À Grugé-l’Hôpital, dans le Maine-et-Loire, Christian Delahaye et son fils Johan ont adopté, depuis longtemps, une démarche pour préserver la biodiversité. « Mon père a intégré dès ses débuts, il y a plus de dix ans, le réseau Arbre (Agriculteurs respectueux de la biodiversité et des richesses de l’environnement) », se remémore Johan, installé depuis deux ans.
À ce titre, un diagnostic agroécologique a été effectué sur l’exploitation.
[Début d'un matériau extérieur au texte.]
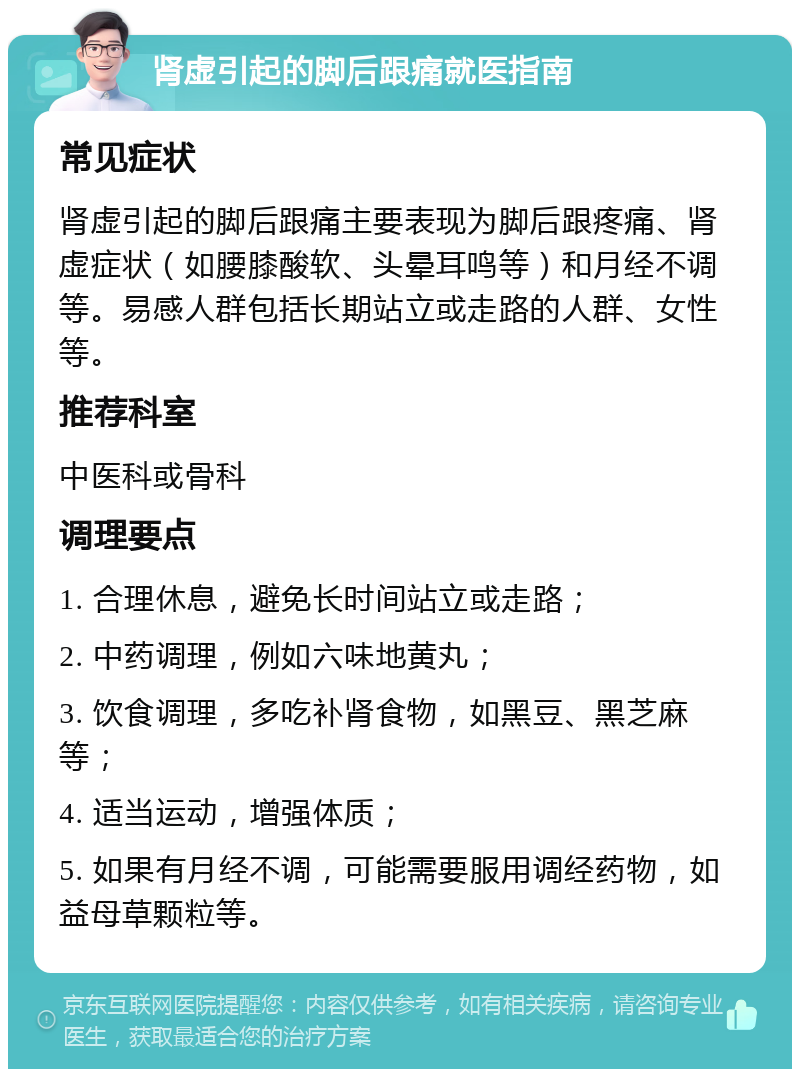 肾虚引起的脚后跟痛就医指南 常见症状 肾虚引起的脚后跟痛主要表现为脚后跟疼痛、肾虚症状（如腰膝酸软、头晕耳鸣等）和月经不调等。易感人群包括长期站立或走路的人群、女性等。 推荐科室 中医科或骨科 调理要点 1. 合理休息，避免长时间站立或走路； 2. 中药调理，例如六味地黄丸； 3. 饮食调理，多吃补肾食物，如黑豆、黑芝麻等； 4. 适当运动，增强体质； 5. 如果有月经不调，可能需要服用调经药物，如益母草颗粒等。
Cela a, entre autres, débouché sur un travail de recolonisation de haies par repousses spontanées sur des bords de champs pour les îlots les plus ouverts. Près de deux kilomètres de linéaires sont concernés. « Il s’agit d’une action peu coûteuse, basée sur une simple modification de pratiques et sur l’observation », précise Christian.
Près de 4 km de linéaires
Sur ces onze dernières années, deux autres kilomètres de haies bocagères, constituées d’essences locales (érables champêtres, poiriers, pommiers, chênes, fusains…) ont aussi été implantés. « Nous avons également pris le parti de choisir certaines espèces habituellement plus adaptées au sud du territoire sur les parties les plus séchantes, comme le chêne sessile, notamment en prévision du réchauffement climatique », complète Johan.
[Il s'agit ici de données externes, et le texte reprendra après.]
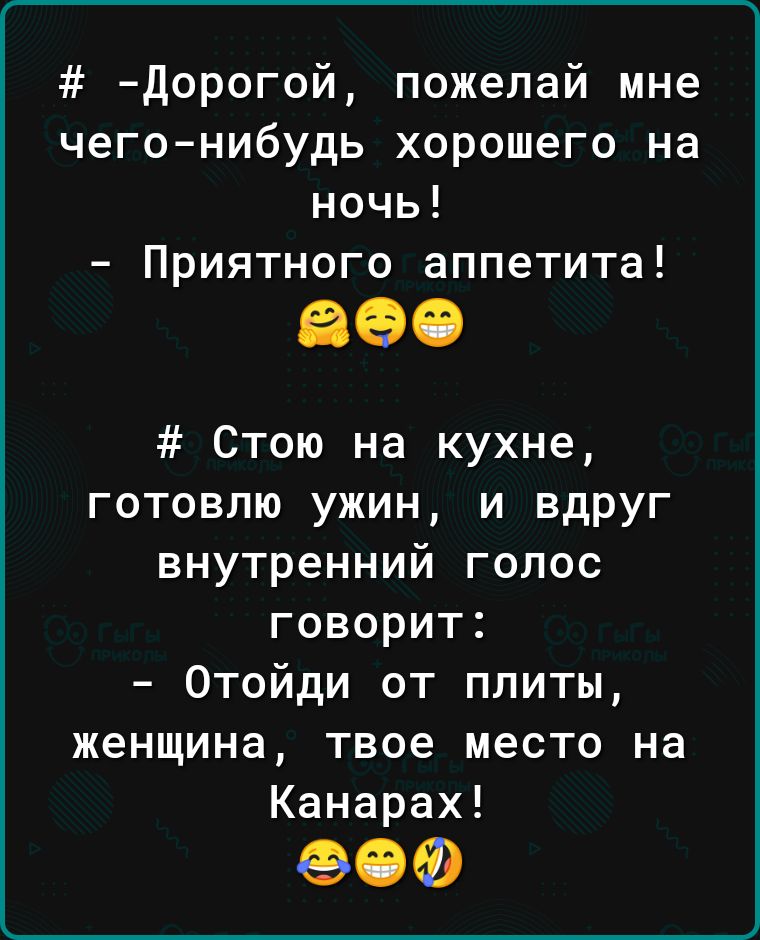 дорогой пожелай мне чегонибудь хорошего на ночь Приятного аппетита Стою на кухне готовлю ужин и вдруг внутренний голос говорит Отойди от плиты женщина твое место на Канарах 00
Certes, l’emplacement des haies est réfléchi en fonction du pâturage ou de la fauche, toutefois l’idée est bien de créer de petites parcelles, de quatre-cinq hectares maximum, pour avoir une continuité écologique entre la rivière et le bois. La présence de haies offre aussi d’autres intérêts pour les vaches laitières de l’exploitation comme créer des brise-vent et des zones d’ombrages. « C’est également une bonne solution pour mieux canaliser les jeunes animaux », ajoutent les éleveurs de prim’holsteins.
Quant au bois récupéré au cours des tailles d’entretien, il est, en partie, transformé en copeaux pour la litière des animaux, voire pour combler certains chemins. « L’an dernier, l’économie de litière a été à peu près équivalente au coût du broyage », soulignent-ils.
Création de mares
De plus, une mare a été créée, il y a cinq ans, dans une zone humide qu’ils ne pouvaient pas valoriser. Cela a permis d’assainir la zone, où l’on voit désormais beaucoup de batraciens. Avec le syndicat du bassin de l’Oudon, une autre mare va être creusée. Le bassin entretient aussi les ripisylves.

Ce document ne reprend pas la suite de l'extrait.